Generic IP Firewalling Chains

Paul Rusty Russell (Paul.Russell@rustcorp.com.au)
Tue, 19 Aug 1997 21:27:41 +0930


Hi all,

We (Michael Neuling and I) have finally released our patch for
more sophisticated IP firewalling; it's different enough from the
current ip_fw.c/ip_fw.h that it is in its own two files
(ip_fwtrees.c/ip_fwtrees.h). You can grab it from
http://www.camtech.net.au/~rustcorp in the ipfwchains/ subdirectory.
The patch is against 2.1.47, but applies clean to 2.1.48, and should
apply to fairly flawlessly to any more recent kernel. You need an
associated replacement ipfwadm (called "ipchains" to avoid confusion)
to match, available from the same place.

The idea is that rules can now specify a policy (accept, deny,
etc) OR a new chain to traverse, OR do nothing (ie. accounting rules).
Users can define their own chains in addition to the builtin ones, and
place rules in them. This makes the separate IP accounting obsolete.

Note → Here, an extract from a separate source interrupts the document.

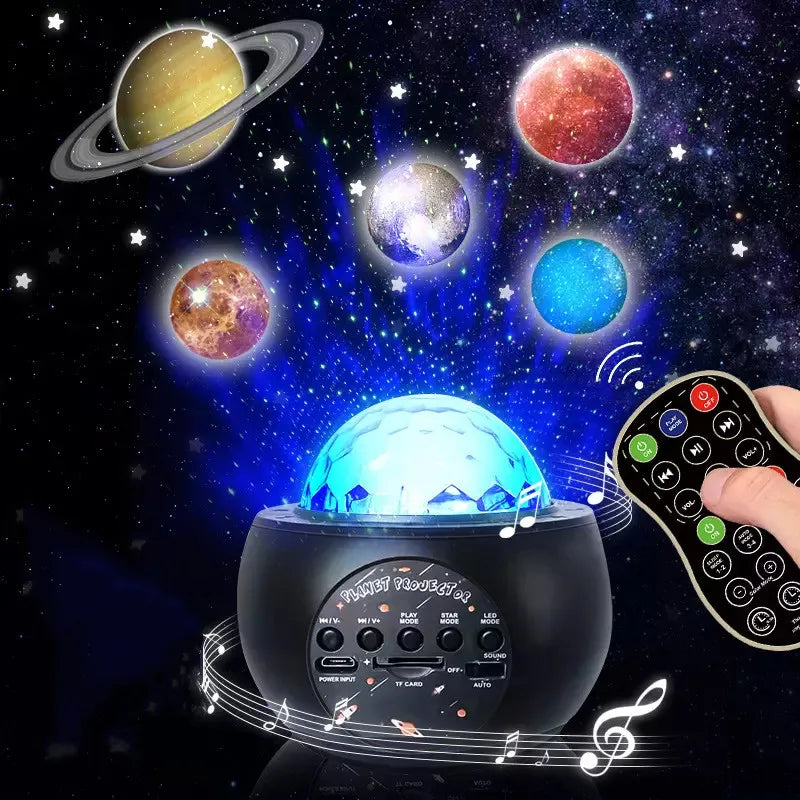 HD 10 Planets Music Projector Lamp Romantic Nebula Starry Bedside Atmosphere Lamp Wireless Speaker with Remote controller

You can use it to emulate the BSD `one chain per interface'
firewall rules. You can use it to atomically switch between differing
firewall configurations (say, allowing or not allowing DNS to pass, by
putting the DNS rules in one chain, and then inserting/deleting a rule
calling it from the input chain). You can organise things the way you
want; you can even share user chains between the input/output/forward
traversal.

It also features a few cleanups, such as 64-bit packet and
byte counters. I have two questions for those in the know:

1) Why is the dev_get() call in ip_fw.c's insert_in_chain inside a
cli()? Can a device go down or up on an interrupt?

2) Does anyone actually use TOS setting? Why is it that ip_fw.c
mangles the TOS rules so that "minimise cost" can never be effected?
(Shouldn't this be enforced in ipfwadm, not silently in the kernel?)

Enjoy,
Paul & Michael.
PS. Thanks for Alan Cox for answering my initial questions on ip_fw.c.